Pictures with short captions:
* * * * * * * * *

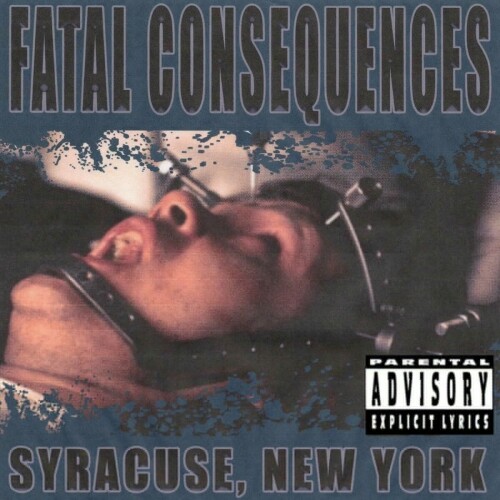 Fatal Consequences – Fatal Consequences (2024)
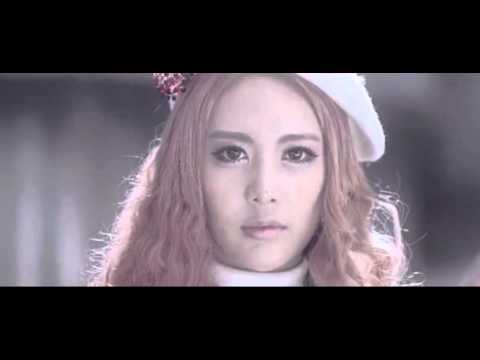 T-ara Qri (T-ara Bo Beep Bo Beep)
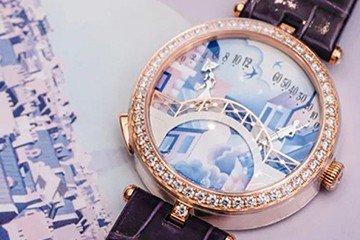 北京江诗丹顿保养地址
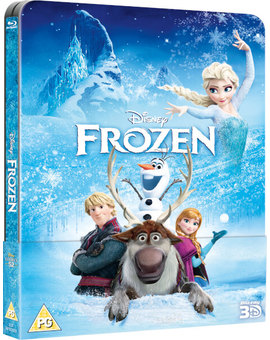Otra mas que tendremos en lenticular steelbook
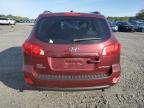 Lot #3301716360 2009 HYUNDAI SANTA FE G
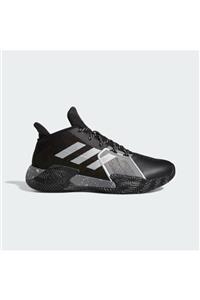 adidas Unisex Siyah Court Vision 2 Basketbol Ayakkabı Fz1455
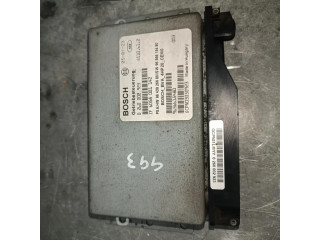 Блок управления коробкой передач 9656615480   Citroen Berlingo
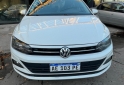 Autos - Volkswagen VIRTUS 1.6 HIGHLINE GNC 2019 GNC - En Venta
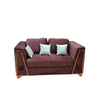 Rosetta Luxe Sofa Set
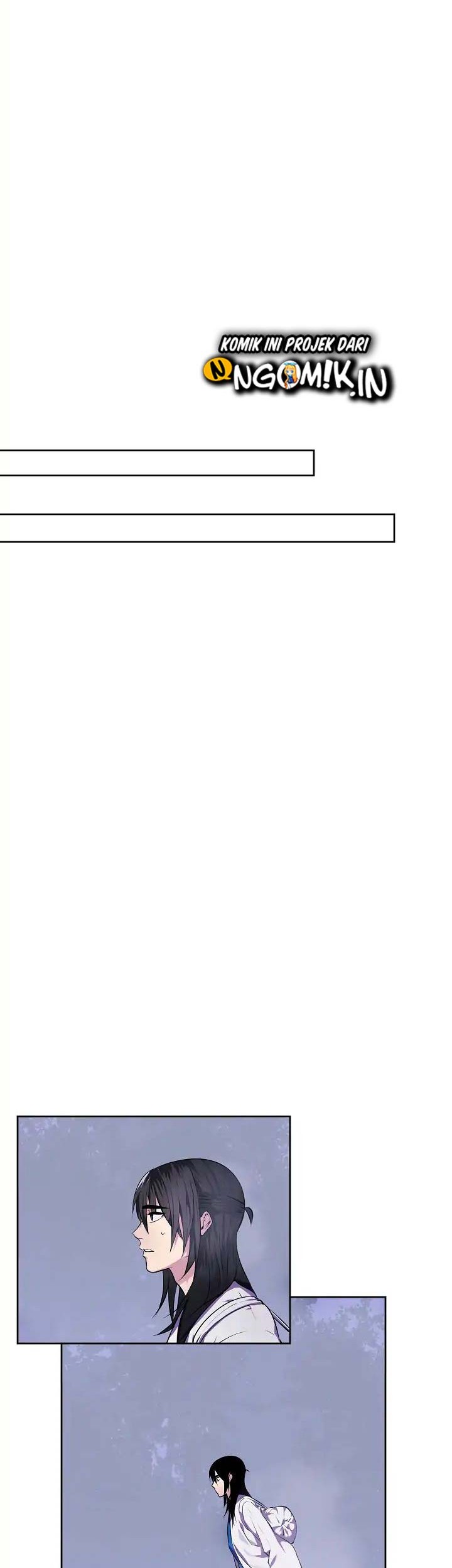 Volcanic Age Chapter 89 Gambar 42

* * * * * * * * *

Omit the pictures; set down each record exactly.

 Fatal Consequences – Fatal Consequences (2024)
 T-ara Qri (T-ara Bo Beep Bo Beep)
 北京江诗丹顿保养地址
Otra mas que tendremos en lenticular steelbook
 Lot #3301716360 2009 HYUNDAI SANTA FE G
 adidas Unisex Siyah Court Vision 2 Basketbol Ayakkabı Fz1455
 Блок управления коробкой передач 9656615480   Citroen Berlingo
 Autos - Volkswagen VIRTUS 1.6 HIGHLINE GNC 2019 GNC - En Venta
 Rosetta Luxe Sofa Set
 Volcanic Age Chapter 89 Gambar 42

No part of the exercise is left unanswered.